Like a magic wand, Stalin’s demise stopped the cosmopolitanism campaign, the Doctor’s Plot and who knew what other schemes that gnawed at his diseased mind. As abruptly, interest in sniffing out traitors and spies evaporated.
The fear was less tangible but the adoration of his godlike persona persisted. The directionless hushed country yearned for the next deity to be revealed, to show the way, preserve order, deter capitalist aggression.
Year 1956 was marked by momentous happenings, at home and in the world.
A gas stove replaced its bulky wood-burning predecessor (MVD buildings were converted to gas heating and cooking eight years earlier); it freed up enough room to fit a kitchen table that a carpenter at the plant made for Avram. A gas burner replaced the wood-burning cavity inside the room heater.
A refrigerator took a prominent place in the front room; it did not completely substitute the balya or the freezing of meat outside the fortochka in the winter

Avoska as pre-refrigerator winter storage. Source: https://autogear.ru/article/316/048/luchshiy-sovetskiy-holodilnik-marki-harakteristiki-opisanie/
but it looked impressive and modern.
The Red Army marched into wayward Hungary to reverse an anti-Soviet coup.
Khrushchev denounced Stalin’s cult of personality at the Twentieth Party Congress.

Samizdat publication of Khrushchev’s speech at the 20th Party Congress in 1956 where Stalin’s cult of personality was exposed. The meeting was closed to the public. Photo from: https://samizdatcollections.library.utoronto.ca/content/timeline-rights-activism-soviet-union
He charged his predecessor with all the atrocities perpetrated during purges and with misinterpreting Marxism-Leninism. The Soviet system, the Party, and the high echelon, himself included, were and always had been blameless. The shock of the speech brought on, it was said, heart attacks in the audience and, later, mental breakdowns and suicides.
The plant awarded Avram two rooms in a three-room apartment in a new building near a streetcar and trolley stop. The neighbor, a divorced middle-aged man, dyed his hair every week and smelled of cologne.
In a flash, political jokes ceased to be grounds for persecution; censorship became less vicious; an abbreviated version of Master and Margarita and, on Khrushchev’s direct orders, Solzhenitsyn’s work were published; anybody who was anybody acknowledged past mistakes upon past mistakes profusely (my great-uncle Leib said that the present leader was always perfect, only the former leader was always wrong.)
Forbidden names of the reviled top-drawer victims surfaced in posthumous glory.

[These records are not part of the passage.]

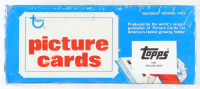 1987 Topps Baseball Card Vending Box with (500) Cards at PristineAuction.com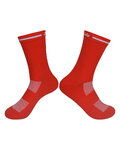 HOLOKOLO Cyclingclassic socks - VELON - red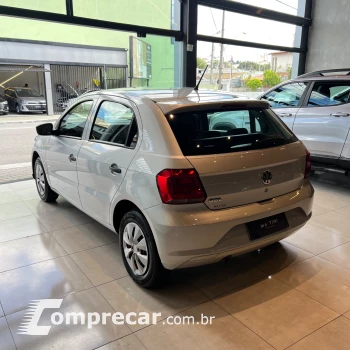 Gol 1.0 Flex 12V 5p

Their widows, freed from camps for wives of enemies of the people reunited with their fearful and stigmatized adult children brought up in orphanages for children of enemies of the people. They were met with applause, including by those who had put them there and murdered their husbands and fathers – after all, the person at fault was Stalin.

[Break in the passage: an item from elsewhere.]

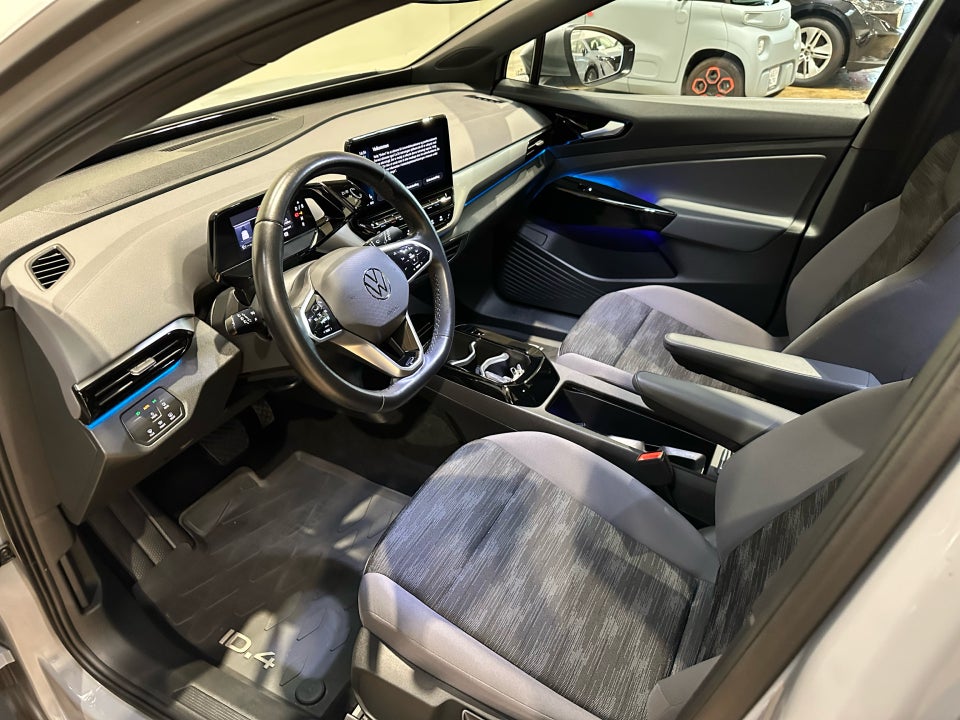 VW ID.4 77 Pro Performance 5d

Many of the exiled were convinced that the Party must have had good reasons for crushing their lives. They were enamored by the generosity of the motherland that, albeit decades later, cleared the unjustly prosecuted, let them come home, and, as a bonus, offered reinstatement in the Communist Party.
After thirty years of deification, average citizens had difficulty believing in their god’s mortality, not to mention his evil; in the permanence or sincerity of Khrushchev’s denunciations; or in impunity for believing the disclosures. Those who were not surprised by the revelations viewed the mere fact of them coming to light as freedom incarnate.